E morrer não seria opção, mas entrega; e a luta? Bem, a luta resulta sempre numa batalha perdida e inglória.
Entre os processos cruéis da natureza, é a velhice o mais cruel. Implacável, insidiosa, ataca por todos os lados, abre a porta
a todas as moléstias mortais. Pensando bem, é uma espécie de HIV a longo prazo. Te ataca o coração, o pulmão, todas as demais
vísceras – a tripa, o fígado, o que nos abatedouros se chama o arrasto. E mais a fiação arterial e venosa, e a coluna! E não falei
na atividade cerebral. E também esqueci os ossos, a infame osteoporose, que te rói os ossos pelo tutano, deixando-os como
frágeis cascas de ovos. E então basta um pequeno escorregão na banheira para deixar um fêmur fraturado.
Os moços compadecidos, os quarentões assustados e os próprios velhos, apelando para tudo, inventaram ultimamente
essas bobagens de “terceira idade”, clubes e associações que trabalham contra o isolamento e as tristezas da velhice. Mas não
se iluda, velho, meu amigo e colega. Ninguém está acreditando naquilo. Você já viu na TV um quadro de propaganda dessa falsa
recuperação de terceira idade? Um velho e uma velha, vestidos à moda dos anos trinta, tentando dançar um tango argentino?
É patético, embora a maioria dos moços apenas o considere docemente ridículo.

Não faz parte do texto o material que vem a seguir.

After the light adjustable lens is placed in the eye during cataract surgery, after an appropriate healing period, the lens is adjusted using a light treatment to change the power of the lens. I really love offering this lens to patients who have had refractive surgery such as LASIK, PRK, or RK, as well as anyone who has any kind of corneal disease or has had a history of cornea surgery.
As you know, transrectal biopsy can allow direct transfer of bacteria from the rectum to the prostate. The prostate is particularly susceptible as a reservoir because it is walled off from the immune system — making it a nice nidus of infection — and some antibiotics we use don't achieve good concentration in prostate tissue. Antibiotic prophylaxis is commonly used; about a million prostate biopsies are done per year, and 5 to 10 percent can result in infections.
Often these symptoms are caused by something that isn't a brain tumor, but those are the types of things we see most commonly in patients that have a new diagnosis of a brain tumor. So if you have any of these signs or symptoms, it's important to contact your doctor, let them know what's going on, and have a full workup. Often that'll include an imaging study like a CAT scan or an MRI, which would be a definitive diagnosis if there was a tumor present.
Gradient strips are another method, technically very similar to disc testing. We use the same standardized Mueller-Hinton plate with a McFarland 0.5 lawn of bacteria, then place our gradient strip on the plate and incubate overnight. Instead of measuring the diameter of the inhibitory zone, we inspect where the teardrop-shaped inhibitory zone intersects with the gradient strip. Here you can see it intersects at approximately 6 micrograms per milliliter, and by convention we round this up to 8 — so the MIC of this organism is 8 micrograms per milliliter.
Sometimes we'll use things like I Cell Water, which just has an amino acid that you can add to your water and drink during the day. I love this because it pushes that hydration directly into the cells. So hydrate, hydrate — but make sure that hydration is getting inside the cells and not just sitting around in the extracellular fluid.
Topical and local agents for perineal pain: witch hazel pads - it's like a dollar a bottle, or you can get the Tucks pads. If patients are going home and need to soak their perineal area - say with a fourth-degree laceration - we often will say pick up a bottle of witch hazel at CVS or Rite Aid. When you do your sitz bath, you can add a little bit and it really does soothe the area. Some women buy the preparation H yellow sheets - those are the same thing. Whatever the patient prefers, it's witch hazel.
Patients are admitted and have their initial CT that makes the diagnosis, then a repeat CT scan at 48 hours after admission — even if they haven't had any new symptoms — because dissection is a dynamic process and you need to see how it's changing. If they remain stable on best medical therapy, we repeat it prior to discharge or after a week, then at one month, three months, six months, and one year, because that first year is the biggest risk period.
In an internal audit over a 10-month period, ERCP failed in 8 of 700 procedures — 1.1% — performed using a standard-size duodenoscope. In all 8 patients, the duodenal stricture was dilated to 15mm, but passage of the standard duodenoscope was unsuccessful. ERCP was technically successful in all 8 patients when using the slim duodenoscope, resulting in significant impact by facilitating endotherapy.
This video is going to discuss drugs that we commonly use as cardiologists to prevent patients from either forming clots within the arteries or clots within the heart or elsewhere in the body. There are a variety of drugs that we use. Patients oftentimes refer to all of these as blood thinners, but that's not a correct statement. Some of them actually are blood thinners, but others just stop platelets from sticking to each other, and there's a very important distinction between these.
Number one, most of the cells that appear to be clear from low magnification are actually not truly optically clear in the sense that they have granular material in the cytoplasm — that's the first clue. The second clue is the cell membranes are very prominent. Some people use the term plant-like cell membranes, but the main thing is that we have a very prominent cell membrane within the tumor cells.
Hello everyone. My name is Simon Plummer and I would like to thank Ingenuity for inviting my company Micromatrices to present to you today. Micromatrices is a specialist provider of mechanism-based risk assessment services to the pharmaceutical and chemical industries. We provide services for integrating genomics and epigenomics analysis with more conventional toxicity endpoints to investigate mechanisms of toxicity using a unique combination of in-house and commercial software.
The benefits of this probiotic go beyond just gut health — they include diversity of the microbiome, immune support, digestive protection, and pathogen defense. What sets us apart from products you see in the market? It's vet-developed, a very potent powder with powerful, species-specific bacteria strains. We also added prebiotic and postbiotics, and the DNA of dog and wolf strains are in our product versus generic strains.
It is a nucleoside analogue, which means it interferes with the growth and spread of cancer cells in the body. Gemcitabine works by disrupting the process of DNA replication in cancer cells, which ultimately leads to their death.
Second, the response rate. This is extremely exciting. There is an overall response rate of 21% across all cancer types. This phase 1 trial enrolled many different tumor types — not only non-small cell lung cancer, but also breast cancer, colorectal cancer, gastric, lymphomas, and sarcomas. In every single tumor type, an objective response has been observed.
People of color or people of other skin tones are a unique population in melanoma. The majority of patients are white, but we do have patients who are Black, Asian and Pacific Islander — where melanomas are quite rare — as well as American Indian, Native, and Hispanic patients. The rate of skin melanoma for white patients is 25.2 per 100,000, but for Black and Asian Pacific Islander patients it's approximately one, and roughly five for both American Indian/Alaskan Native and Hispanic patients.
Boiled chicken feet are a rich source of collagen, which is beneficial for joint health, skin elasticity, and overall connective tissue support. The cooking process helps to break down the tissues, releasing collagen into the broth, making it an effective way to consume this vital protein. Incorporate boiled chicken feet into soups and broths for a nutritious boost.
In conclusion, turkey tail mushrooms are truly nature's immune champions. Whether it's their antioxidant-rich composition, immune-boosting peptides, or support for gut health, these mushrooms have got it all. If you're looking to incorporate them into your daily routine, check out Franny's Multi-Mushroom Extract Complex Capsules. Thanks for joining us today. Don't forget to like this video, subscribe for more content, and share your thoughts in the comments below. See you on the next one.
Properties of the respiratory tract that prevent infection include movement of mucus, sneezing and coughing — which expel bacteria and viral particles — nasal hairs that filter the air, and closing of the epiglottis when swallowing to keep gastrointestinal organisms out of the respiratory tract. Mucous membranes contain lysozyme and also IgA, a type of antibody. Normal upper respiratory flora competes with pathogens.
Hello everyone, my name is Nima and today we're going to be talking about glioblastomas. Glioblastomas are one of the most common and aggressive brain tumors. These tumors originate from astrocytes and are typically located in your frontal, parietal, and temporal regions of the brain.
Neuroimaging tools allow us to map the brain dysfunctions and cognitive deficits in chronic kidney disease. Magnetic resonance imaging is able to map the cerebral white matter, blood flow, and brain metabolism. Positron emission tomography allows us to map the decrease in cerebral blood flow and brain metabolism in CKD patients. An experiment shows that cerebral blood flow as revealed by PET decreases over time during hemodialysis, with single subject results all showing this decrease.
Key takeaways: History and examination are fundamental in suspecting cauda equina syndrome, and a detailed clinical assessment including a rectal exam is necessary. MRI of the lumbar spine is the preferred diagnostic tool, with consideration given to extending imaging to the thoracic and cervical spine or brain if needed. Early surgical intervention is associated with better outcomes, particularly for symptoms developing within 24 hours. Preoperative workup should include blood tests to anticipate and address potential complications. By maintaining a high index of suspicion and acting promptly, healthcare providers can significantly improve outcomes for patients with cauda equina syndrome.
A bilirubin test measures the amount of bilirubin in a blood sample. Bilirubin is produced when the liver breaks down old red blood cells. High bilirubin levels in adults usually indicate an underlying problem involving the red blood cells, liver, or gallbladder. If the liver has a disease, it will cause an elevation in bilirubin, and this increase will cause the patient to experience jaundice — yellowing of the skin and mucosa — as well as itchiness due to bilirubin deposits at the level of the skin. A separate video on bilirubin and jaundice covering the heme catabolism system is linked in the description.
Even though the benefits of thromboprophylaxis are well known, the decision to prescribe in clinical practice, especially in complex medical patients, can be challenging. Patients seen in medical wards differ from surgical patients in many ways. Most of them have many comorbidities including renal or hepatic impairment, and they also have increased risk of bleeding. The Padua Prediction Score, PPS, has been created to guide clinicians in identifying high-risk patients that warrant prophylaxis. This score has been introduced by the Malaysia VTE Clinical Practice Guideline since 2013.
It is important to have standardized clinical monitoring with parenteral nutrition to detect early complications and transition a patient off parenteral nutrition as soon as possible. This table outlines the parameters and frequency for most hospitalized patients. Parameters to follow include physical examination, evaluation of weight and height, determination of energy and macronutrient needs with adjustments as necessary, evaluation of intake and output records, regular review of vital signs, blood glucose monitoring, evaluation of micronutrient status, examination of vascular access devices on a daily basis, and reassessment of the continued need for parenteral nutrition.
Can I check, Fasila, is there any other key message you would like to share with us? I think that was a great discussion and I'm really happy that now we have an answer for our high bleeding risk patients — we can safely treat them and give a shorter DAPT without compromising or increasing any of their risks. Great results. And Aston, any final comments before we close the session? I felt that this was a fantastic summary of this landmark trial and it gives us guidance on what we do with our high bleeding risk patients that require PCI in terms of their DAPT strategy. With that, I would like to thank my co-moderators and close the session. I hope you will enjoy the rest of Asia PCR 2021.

Diz-se que já se consegue muito na luta contra a velhice. Ginástica, dieta, malhação, corrida etc. Cirurgia plástica. Ah, já pensaram
no tormento de uma bela mulher, atriz, dama do soçaite, cortesã, que viva da e para a sua beleza, ao descobrir as primeiras rugas, a
flacidez do mento, daquela sutil rede de outras pequenas rugas que rodeiam os lábios? O Dr. Pitanguy opera e os seus colegas de mérito
variável também operam. Mas, por mais famosos, competentes e mágicos que sejam os cirurgiões plásticos, só fazem mágicas, não
fazem milagres. Esticam a pele sobre os músculos flácidos, fazem um peeling, que é uma espécie de raladura na cútis, fica lindo a
princípio, mas, como toda mágica, não dura muito. E aí têm que começar tudo outra vez, as cicatrizes já não se escondem tão bem
atrás das orelhas ou no couro cabeludo que, aparado, vai encurtando, deixando as pacientes com testas enormes, quase uma calvície.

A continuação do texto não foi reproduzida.